[Records from a data collection]
------------------------------------

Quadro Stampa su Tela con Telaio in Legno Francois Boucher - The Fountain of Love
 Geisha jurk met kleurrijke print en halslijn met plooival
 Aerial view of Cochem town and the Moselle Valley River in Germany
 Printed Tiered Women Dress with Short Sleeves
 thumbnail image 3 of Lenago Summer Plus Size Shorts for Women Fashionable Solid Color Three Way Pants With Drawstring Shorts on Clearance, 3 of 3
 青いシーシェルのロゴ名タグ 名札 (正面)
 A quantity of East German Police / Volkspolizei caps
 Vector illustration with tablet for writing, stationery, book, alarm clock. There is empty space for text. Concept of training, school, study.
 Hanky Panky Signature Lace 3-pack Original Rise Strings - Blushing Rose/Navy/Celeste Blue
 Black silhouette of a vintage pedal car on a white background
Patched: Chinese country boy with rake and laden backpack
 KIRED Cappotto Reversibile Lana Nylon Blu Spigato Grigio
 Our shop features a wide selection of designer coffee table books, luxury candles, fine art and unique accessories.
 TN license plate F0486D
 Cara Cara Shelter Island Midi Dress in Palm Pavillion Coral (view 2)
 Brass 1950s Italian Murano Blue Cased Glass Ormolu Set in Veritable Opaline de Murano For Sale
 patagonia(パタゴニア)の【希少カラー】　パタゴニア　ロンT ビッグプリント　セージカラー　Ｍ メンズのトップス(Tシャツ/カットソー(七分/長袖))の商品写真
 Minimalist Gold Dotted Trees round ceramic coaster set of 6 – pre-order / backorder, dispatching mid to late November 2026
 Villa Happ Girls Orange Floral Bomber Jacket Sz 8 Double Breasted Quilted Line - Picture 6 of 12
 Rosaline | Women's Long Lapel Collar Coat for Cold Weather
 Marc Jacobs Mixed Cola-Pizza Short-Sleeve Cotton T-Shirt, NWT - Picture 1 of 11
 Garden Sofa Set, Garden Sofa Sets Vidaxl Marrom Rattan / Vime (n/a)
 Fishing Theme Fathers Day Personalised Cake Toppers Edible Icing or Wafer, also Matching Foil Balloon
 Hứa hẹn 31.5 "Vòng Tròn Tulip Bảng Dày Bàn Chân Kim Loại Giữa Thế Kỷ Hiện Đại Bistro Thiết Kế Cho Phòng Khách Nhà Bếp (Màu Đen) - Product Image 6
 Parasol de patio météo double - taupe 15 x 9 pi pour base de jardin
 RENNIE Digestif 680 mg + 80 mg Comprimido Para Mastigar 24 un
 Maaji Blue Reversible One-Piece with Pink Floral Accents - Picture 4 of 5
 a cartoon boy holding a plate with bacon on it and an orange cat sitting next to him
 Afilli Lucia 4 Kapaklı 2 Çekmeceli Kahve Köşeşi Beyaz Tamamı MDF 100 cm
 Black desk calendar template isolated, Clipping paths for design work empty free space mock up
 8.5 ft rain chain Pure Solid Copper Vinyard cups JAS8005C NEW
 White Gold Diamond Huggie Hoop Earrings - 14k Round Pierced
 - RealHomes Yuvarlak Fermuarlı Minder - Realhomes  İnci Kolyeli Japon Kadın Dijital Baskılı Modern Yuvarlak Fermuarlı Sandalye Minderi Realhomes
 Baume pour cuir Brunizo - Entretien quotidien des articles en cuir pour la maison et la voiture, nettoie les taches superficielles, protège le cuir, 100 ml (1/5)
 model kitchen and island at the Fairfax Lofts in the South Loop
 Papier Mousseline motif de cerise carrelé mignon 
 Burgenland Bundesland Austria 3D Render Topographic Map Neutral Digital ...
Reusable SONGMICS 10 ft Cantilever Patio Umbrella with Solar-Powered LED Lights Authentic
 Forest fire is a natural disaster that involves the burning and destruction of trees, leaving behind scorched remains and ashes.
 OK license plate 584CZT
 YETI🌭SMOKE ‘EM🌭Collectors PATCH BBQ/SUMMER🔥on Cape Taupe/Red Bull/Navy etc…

------------------------------------

In the entries above, restate word for word the lines between the one holding "TN license plate F0486D" and the one holding "Black desk calendar", inclusive, and nothing besides.

Task response
 TN license plate F0486D
 Cara Cara Shelter Island Midi Dress in Palm Pavillion Coral (view 2)
 Brass 1950s Italian Murano Blue Cased Glass Ormolu Set in Veritable Opaline de Murano For Sale
 patagonia(パタゴニア)の【希少カラー】　パタゴニア　ロンT ビッグプリント　セージカラー　Ｍ メンズのトップス(Tシャツ/カットソー(七分/長袖))の商品写真
 Minimalist Gold Dotted Trees round ceramic coaster set of 6 – pre-order / backorder, dispatching mid to late November 2026
 Villa Happ Girls Orange Floral Bomber Jacket Sz 8 Double Breasted Quilted Line - Picture 6 of 12
 Rosaline | Women's Long Lapel Collar Coat for Cold Weather
 Marc Jacobs Mixed Cola-Pizza Short-Sleeve Cotton T-Shirt, NWT - Picture 1 of 11
 Garden Sofa Set, Garden Sofa Sets Vidaxl Marrom Rattan / Vime (n/a)
 Fishing Theme Fathers Day Personalised Cake Toppers Edible Icing or Wafer, also Matching Foil Balloon
 Hứa hẹn 31.5 "Vòng Tròn Tulip Bảng Dày Bàn Chân Kim Loại Giữa Thế Kỷ Hiện Đại Bistro Thiết Kế Cho Phòng Khách Nhà Bếp (Màu Đen) - Product Image 6
 Parasol de patio météo double - taupe 15 x 9 pi pour base de jardin
 RENNIE Digestif 680 mg + 80 mg Comprimido Para Mastigar 24 un
 Maaji Blue Reversible One-Piece with Pink Floral Accents - Picture 4 of 5
 a cartoon boy holding a plate with bacon on it and an orange cat sitting next to him
 Afilli Lucia 4 Kapaklı 2 Çekmeceli Kahve Köşeşi Beyaz Tamamı MDF 100 cm
 Black desk calendar template isolated, Clipping paths for design work empty free space mock up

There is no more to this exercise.